Ntppool offset monitoring graph and offset parameter in chrony

is there any time accuracy or performance difference for a server using the offset parameter in chrony.conf?

I recently tried to tune the offset parameter in chrony.conf for a stratum 1 server and guessed wrong on the sign. the oops is clear in the screenshot:

it’s interesting that the offset parameter on that single server line causes the ntppool.org graph to shift closer to zero. I don’t quite understand the purpose of this other than being able to see the offset in the log plot a little better.

does this offset affect anything with the ntppool monitor or anything related to client times?

Please take into account that the monitoring station cannot provide you the time reference, even if its clock is very accurate. There might be, and very likely there is traffic delay asymmetry. For example my server’s offset via IPv4 and IPv6 has even different sign:

With IPv4: +4 msec, with IPv6: -5 msec.

I don’t see how the offset parameter would be applicable for a GPS/PPS.
One example where offset might be useful: Say that there is a PPS coming from a radio receiver (WWVB, DCF, etc) and that due to RF propagation delay we know that the PPS is late by, say, 2 msec.
One could use the offset directive to compensate for that 2 msec.

As NTPman suggests, the monitoring station cannot provide an definitive verification of your NTP servers accuracy. Based on previous work I believe the monitoring station is accurate a millisecond. The typical round-trip time between the Newark monitor and your NTP server is 60-80 msec. Since 1/2 RTT is the uncertainty caused by network delay, Newark can at best say that your NTP server is within 30-40 milliseconds

Compare your server’s offset as seen by Newark .

with the offset seen by my monitoring client, located near Chicago

Using the offset directive reduced the apparent offset seen at Newark, but increased the apparent offset seen in Chicago.
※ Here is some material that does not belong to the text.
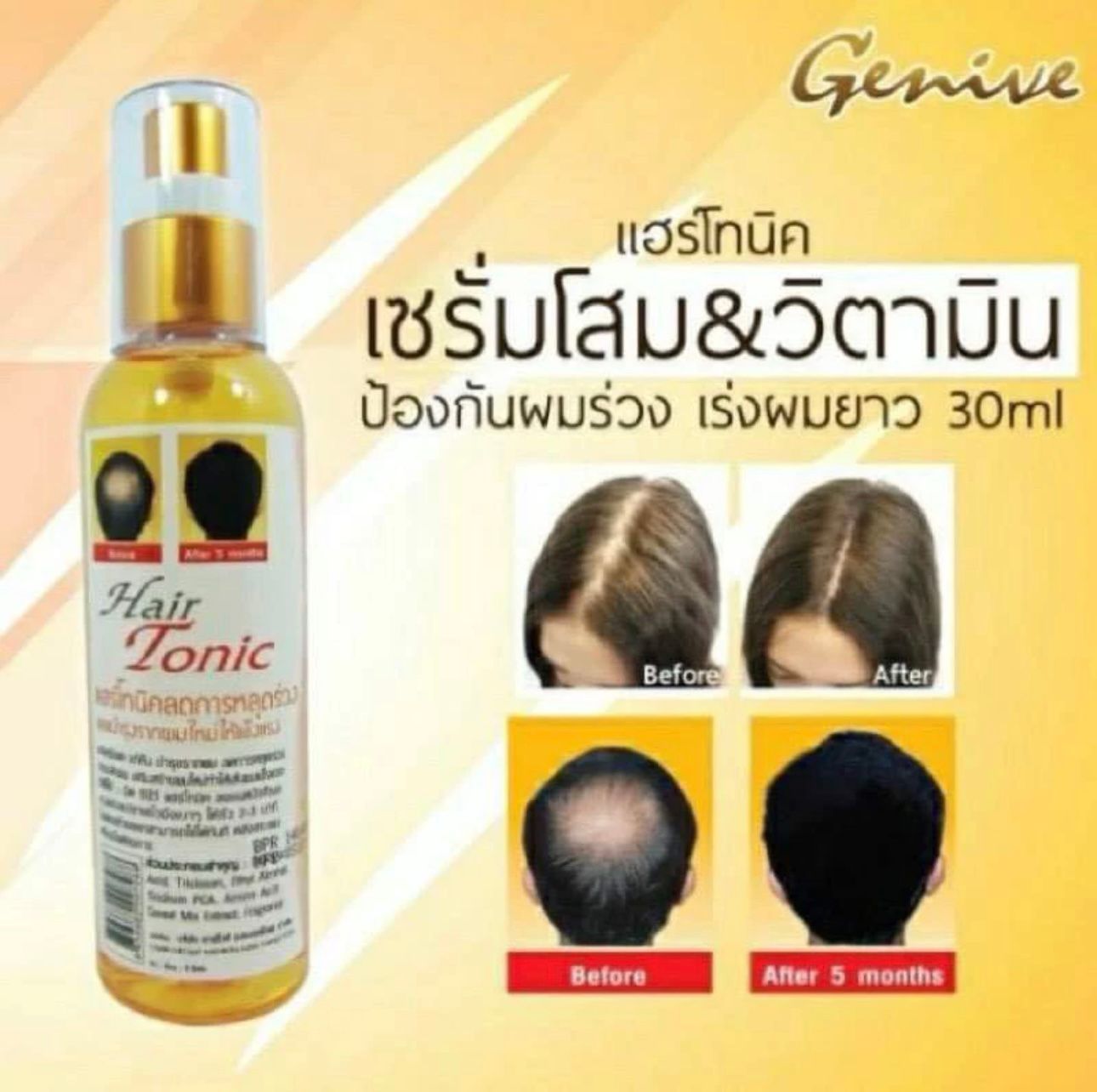 GENIVE  Hair  Tonic Anti loose_0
Neither site should be used to tweak your server.

Properly installed GPS+PPS (well placed antenna is a key factor) on an RPi should keep the RPi within a few microseconds of UTC(USNO).
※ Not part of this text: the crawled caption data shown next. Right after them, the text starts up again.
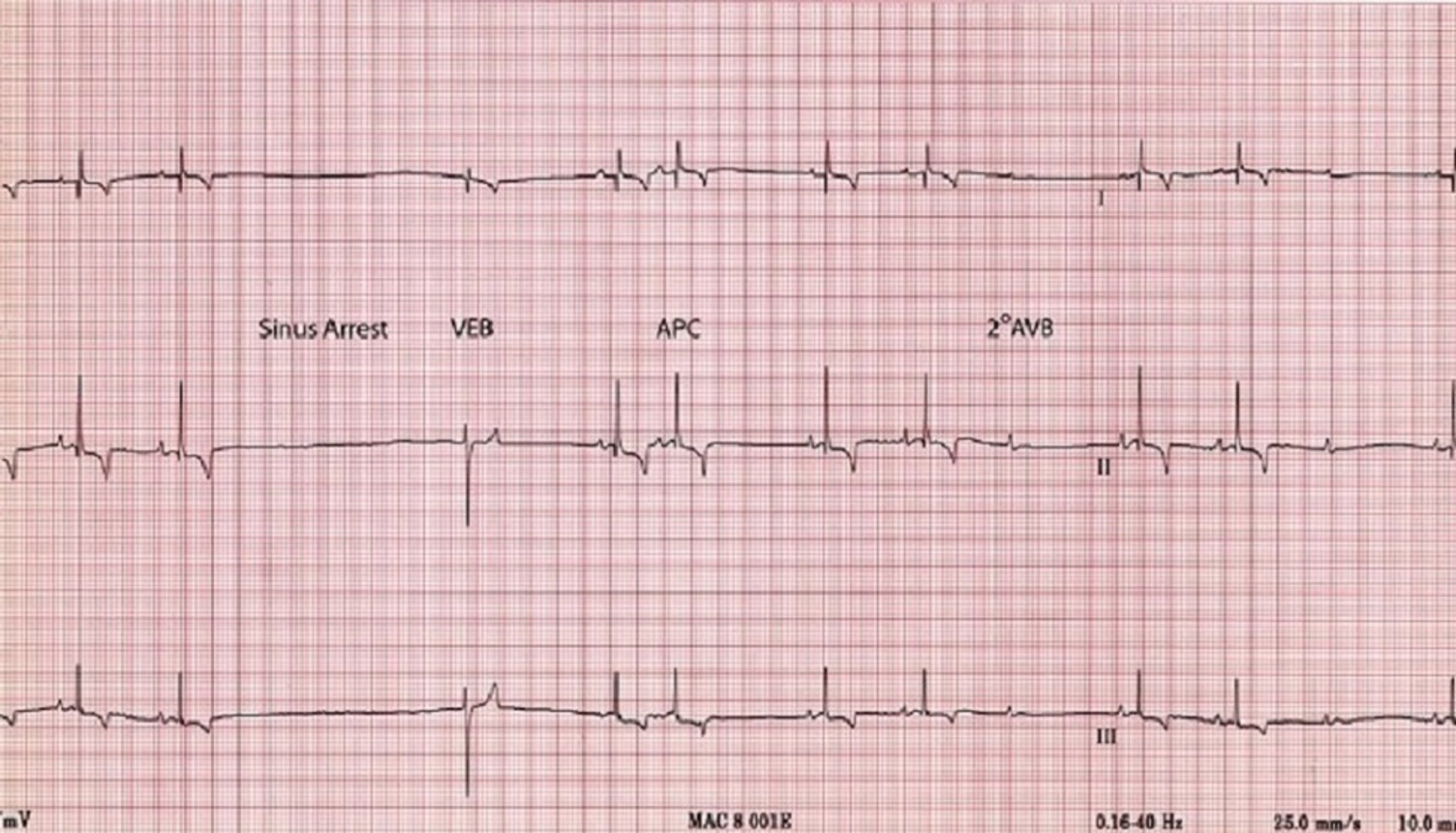 ECG, sinus arrest, dog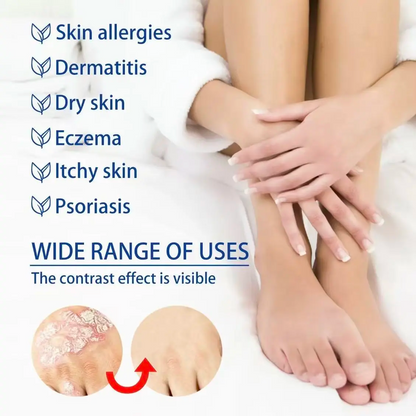 Soothing Antifungal Cream: Fast-Acting Jock Itch & Ringworm Treatment.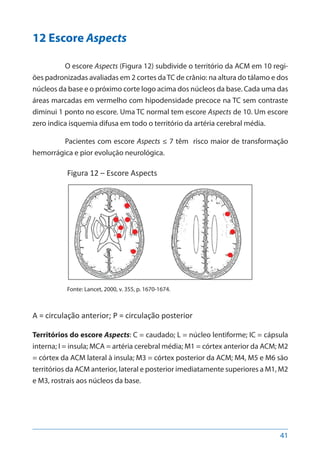 41
12 Escore Aspects
O escore Aspects (Figura 12) subdivide o território da ACM em 10 regi-
ões padronizadas avaliadas em 2 cortes daTC de crânio: na altura do tálamo e dos
núcleos da base e o próximo corte logo acima dos núcleos da base. Cada uma das
áreas marcadas em vermelho com hipodensidade precoce na TC sem contraste
diminui 1 ponto no escore. Uma TC normal tem escore Aspects de 10. Um escore
zero indica isquemia difusa em todo o território da artéria cerebral média.
Pacientes com escore Aspects ≤ 7 têm risco maior de transformação
hemorrágica e pior evolução neurológica.
Figura 12 – Escore Aspects
Fonte: Lancet, 2000, v. 355, p. 1670-1674.
A = circulação anterior; P = circulação posterior
Territórios do escore Aspects: C = caudado; L = núcleo lentiforme; IC = cápsula
interna; I = insula; MCA = artéria cerebral média; M1 = córtex anterior da ACM; M2
= córtex da ACM lateral à insula; M3 = córtex posterior da ACM; M4, M5 e M6 são
territórios da ACM anterior, lateral e posterior imediatamente superiores a M1, M2
e M3, rostrais aos núcleos da base.
 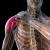 Как избавиться от защемления нерва в плечевом суставе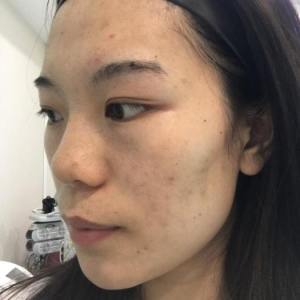 整形前后对比图片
@NTPman, this is helpful. the two different offset times are a little confusing but indicate the monitoring station is, indeed, not more correct, especially when compared to a nearby gps time source.

@stevesommars, these two monitor logs are super helpful and provide much needed perspective. the Newark monitoring station is the only external reference that shows any observation, so it was unclear earlier exactly what it was saying.

with these two monitoring locations showing different offsets, it is easier to understand that neither monitoring station offset is more important or more correct. They both will have some non-zero offset and that’s a normal, expected result of (a) speed of light over distance and (b) multi-hop network paths.

As you said, neither site should be used to adjust a server, especially since I’ve got a GPS PPS source on my local subnet with the Raspberry Pi. I’ll remove the offset.

I’ll make another observation.

The term offset in the two-way messaging scheme refers to an offset between one clock w.r.t. another clock, assuming symmetric delay. this is what is solved for with:

offset = [(t2-t1)+(t3-t4)]/2

but in the chrony.conf documentation, offset refers to an asymmetry in time paths between outbound and return. these are related but not the same. the first is solved for using equation above, the other (in chrony.conf) is an adjustment, or term, placed in the equation above to make offset=0. this is part of the confusion. a better name for the chrony.conf variable might be offset_assymetry.

by the way, that slanted linear segment headed upward at 2020-11-30 was when the public server was still looking at the RPi who had a serial port barf for no clear reason. soon enough that PPS source would have been de-selected as the preferred source and another nearby stratum 1 would have been selected.

the RPi with GPS PPS is great when it works but the serial port is not super reliable. I’m troubleshooting.

Many of us have had reliable operation using RPi + GPS/PPS

If you’re using a RPi compatible plug-in board, e.g., from Adafruit or Uputronics, the serial interface should be reliable.

If some other style GPS is used make sure the voltage levels are compatible with the Rpi.

It is essential that the antenna receive adequate GPS signal.

this is a good point of reference. it should work.

the Adafruit Ultimate GPS hat has very close (short) hardware connections. I’m using the Ultimate GPS stand-alone board that has about a foot of open wiring to the Pi. this is a source of noise and could be an issue. I switched to the better hardware UART directly to GPIO pins and will try that out for a few days or weeks to see if it is stable. GPS sees 11 satellites.